## [RECORDS FOR THE EXERCISE]
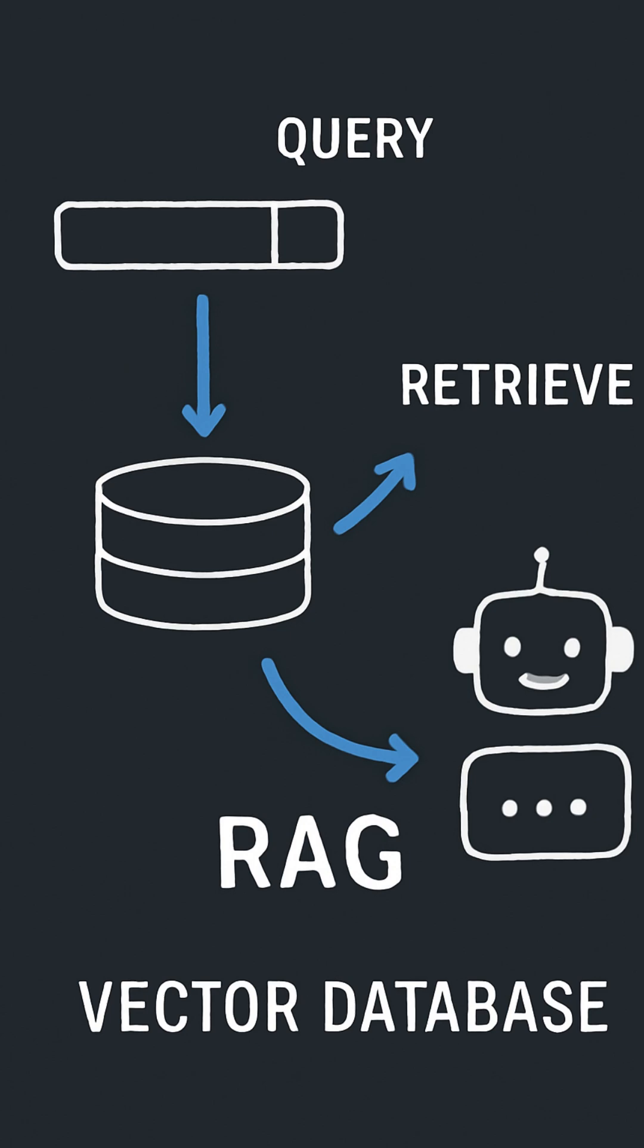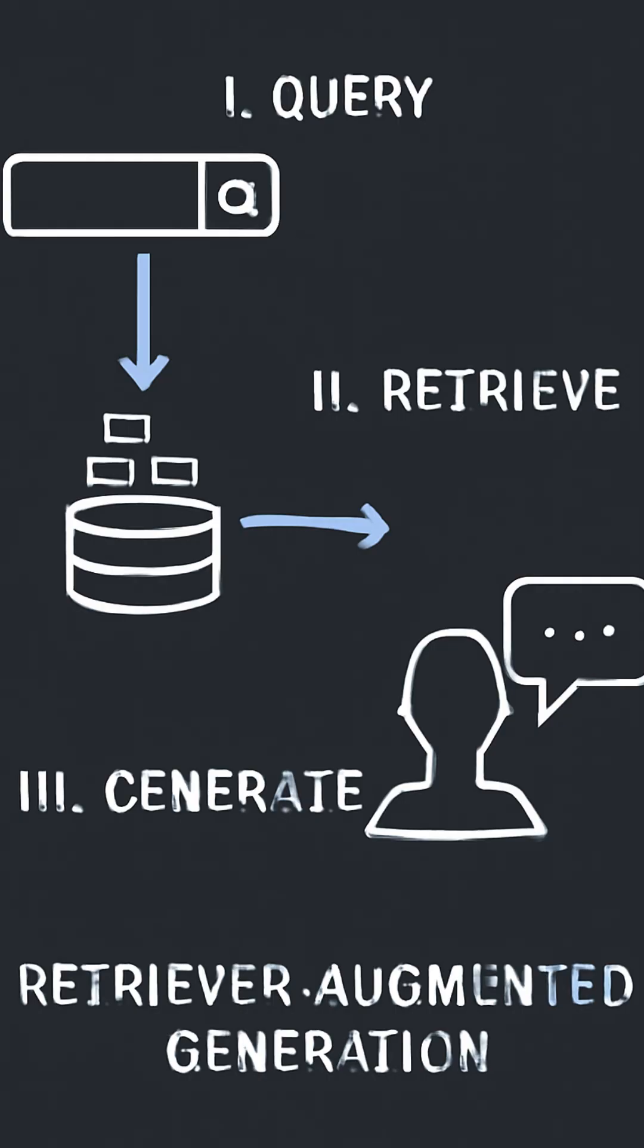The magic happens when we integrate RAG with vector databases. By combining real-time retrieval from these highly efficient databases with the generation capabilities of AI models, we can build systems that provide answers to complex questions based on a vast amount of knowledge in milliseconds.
==
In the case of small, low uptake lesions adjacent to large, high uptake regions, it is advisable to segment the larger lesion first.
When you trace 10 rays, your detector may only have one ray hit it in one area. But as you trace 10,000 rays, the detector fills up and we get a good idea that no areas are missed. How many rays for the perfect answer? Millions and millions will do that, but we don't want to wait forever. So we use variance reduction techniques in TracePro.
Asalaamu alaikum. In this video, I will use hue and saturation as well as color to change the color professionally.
--
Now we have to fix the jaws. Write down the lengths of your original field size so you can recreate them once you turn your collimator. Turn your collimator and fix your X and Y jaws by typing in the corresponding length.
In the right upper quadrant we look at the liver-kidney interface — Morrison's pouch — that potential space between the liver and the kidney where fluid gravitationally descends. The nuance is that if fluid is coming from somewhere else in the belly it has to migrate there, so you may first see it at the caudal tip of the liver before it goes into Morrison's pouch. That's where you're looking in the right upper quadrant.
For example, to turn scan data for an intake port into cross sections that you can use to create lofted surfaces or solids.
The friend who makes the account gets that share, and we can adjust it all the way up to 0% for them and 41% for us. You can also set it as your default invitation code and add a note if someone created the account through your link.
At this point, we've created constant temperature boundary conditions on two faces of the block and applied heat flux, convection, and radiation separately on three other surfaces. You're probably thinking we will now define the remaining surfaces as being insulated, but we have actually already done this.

## [YOUR OBJECTIVE]
Reproduce each line of the material containing the word "turn".

## [ANSWER SECTION]
Now we have to fix the jaws. Write down the lengths of your original field size so you can recreate them once you turn your collimator. Turn your collimator and fix your X and Y jaws by typing in the corresponding length.
For example, to turn scan data for an intake port into cross sections that you can use to create lofted surfaces or solids.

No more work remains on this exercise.